===== Records to process
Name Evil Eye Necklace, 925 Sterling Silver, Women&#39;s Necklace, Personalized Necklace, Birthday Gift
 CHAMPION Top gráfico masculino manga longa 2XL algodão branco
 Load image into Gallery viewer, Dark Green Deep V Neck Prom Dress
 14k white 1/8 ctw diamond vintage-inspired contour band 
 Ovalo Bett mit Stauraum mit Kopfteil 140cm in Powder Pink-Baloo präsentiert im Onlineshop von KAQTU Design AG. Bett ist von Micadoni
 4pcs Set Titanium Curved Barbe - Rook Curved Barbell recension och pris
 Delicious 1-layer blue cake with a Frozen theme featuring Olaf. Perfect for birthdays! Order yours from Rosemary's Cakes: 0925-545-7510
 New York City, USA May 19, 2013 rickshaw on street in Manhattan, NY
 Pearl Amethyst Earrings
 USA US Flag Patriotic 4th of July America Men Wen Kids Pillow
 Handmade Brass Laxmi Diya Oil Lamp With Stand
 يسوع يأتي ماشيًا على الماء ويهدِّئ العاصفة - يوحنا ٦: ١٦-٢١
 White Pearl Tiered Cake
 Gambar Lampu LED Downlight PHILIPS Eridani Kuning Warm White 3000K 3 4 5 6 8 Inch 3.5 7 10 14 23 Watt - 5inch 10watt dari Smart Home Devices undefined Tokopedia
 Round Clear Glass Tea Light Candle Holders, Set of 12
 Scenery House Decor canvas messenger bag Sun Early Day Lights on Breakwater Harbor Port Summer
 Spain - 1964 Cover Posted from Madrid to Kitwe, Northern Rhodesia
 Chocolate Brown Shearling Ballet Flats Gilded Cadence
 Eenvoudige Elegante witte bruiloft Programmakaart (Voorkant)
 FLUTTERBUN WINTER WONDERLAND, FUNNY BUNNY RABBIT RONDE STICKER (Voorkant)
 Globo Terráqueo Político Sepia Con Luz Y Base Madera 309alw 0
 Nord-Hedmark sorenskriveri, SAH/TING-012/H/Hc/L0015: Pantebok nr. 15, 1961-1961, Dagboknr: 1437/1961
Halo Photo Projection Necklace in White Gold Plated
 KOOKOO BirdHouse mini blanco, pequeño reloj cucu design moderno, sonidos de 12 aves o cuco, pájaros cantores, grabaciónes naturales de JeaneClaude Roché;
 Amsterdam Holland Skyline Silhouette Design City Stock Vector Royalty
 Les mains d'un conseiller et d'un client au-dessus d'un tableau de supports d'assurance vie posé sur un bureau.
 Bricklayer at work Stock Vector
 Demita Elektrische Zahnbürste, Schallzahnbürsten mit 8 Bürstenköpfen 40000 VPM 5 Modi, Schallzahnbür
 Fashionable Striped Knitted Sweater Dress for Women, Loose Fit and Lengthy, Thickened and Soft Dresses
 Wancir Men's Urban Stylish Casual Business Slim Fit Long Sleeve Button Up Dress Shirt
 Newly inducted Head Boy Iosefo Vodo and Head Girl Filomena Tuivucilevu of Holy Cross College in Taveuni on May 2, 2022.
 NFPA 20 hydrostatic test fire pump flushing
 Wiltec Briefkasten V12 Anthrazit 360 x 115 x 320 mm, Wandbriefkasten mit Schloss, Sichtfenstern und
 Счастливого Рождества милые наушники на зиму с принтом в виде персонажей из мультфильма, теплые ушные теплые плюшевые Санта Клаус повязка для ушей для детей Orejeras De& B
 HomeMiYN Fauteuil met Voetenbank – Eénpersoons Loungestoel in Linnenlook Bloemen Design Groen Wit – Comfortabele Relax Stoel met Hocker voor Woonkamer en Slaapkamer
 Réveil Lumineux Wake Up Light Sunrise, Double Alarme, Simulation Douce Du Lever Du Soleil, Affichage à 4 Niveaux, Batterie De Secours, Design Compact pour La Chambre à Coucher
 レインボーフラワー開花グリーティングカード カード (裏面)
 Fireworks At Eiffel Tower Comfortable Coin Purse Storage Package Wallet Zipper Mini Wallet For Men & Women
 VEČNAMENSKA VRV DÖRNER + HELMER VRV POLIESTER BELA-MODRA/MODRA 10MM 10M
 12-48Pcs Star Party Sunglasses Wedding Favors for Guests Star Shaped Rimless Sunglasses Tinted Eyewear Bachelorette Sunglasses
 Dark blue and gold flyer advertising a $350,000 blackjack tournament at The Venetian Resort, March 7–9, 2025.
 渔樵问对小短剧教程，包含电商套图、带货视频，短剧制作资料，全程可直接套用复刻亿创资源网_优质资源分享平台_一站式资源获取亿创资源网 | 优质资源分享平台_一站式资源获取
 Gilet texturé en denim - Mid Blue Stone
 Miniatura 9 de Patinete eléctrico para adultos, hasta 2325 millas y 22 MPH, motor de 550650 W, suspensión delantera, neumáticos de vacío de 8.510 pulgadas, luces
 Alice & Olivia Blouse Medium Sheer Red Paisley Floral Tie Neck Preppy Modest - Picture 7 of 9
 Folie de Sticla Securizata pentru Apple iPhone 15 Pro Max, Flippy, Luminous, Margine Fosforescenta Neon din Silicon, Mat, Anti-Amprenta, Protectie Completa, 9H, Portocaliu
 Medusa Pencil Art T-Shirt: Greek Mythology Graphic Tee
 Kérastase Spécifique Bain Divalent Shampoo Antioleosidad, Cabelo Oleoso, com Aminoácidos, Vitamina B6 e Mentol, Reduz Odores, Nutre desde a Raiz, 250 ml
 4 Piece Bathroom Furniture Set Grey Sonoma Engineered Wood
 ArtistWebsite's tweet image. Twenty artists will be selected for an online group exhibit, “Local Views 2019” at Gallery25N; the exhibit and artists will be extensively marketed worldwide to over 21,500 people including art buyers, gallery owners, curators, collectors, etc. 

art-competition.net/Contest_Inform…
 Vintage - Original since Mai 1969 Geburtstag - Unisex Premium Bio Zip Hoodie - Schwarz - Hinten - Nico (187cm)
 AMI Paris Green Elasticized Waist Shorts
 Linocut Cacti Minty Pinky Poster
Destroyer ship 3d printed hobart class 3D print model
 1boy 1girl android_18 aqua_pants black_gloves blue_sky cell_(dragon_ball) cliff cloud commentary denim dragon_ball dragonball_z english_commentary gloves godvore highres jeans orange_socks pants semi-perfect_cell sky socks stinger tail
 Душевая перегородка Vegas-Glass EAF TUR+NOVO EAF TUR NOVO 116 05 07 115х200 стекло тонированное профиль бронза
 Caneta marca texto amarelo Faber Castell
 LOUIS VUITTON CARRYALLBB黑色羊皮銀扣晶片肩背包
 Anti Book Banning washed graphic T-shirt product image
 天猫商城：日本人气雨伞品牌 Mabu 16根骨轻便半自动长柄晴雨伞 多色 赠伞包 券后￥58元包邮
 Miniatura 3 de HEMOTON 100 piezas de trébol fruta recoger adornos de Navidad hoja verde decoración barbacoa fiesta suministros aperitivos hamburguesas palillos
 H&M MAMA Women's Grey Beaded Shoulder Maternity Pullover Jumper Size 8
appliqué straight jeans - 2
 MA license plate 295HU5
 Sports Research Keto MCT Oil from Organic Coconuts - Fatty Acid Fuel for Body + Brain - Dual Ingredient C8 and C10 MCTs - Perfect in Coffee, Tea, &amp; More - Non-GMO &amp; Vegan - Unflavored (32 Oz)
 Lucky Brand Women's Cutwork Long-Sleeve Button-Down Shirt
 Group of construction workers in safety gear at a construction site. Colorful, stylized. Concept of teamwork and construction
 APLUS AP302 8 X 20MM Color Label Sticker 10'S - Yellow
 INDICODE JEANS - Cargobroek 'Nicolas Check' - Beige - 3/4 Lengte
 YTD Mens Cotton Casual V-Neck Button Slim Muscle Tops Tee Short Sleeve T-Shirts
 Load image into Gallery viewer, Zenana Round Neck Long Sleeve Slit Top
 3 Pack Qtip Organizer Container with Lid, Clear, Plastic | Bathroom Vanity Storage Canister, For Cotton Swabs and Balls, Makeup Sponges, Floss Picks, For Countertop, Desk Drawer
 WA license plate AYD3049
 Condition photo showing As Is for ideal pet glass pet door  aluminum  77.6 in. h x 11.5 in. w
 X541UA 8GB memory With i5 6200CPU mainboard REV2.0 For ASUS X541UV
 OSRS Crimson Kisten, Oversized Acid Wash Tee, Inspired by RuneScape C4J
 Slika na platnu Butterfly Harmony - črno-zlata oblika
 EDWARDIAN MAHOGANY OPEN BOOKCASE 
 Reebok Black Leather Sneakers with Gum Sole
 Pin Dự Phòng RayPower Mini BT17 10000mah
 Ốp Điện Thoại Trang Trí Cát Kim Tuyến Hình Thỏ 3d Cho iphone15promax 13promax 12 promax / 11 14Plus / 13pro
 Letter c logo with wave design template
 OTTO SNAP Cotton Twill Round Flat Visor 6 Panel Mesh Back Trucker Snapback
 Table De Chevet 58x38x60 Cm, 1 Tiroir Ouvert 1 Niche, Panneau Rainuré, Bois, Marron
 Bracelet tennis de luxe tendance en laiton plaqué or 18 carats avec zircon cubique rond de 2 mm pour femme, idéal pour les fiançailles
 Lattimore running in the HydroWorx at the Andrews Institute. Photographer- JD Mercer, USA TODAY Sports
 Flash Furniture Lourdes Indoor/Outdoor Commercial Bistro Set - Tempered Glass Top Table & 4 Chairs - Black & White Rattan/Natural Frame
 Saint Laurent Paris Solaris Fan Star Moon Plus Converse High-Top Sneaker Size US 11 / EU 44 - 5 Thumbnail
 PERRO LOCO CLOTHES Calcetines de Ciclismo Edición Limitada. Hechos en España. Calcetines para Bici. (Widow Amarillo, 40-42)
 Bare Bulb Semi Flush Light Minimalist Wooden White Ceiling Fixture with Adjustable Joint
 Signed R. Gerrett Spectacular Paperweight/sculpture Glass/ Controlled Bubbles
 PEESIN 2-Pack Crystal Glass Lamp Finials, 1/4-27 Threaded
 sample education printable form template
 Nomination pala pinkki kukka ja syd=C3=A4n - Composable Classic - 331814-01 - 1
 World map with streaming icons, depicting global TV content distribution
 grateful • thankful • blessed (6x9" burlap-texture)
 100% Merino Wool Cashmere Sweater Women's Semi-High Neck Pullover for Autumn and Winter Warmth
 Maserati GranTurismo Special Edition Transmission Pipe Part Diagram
==========
Description of the task
Repeat exactly the lines above, starting with the first line of the records and finishing with the line holding "Ovalo Bett mit". Add no other line.

Solution to this exercise
Name Evil Eye Necklace, 925 Sterling Silver, Women&#39;s Necklace, Personalized Necklace, Birthday Gift
 CHAMPION Top gráfico masculino manga longa 2XL algodão branco
 Load image into Gallery viewer, Dark Green Deep V Neck Prom Dress
 14k white 1/8 ctw diamond vintage-inspired contour band 
 Ovalo Bett mit Stauraum mit Kopfteil 140cm in Powder Pink-Baloo präsentiert im Onlineshop von KAQTU Design AG. Bett ist von Micadoni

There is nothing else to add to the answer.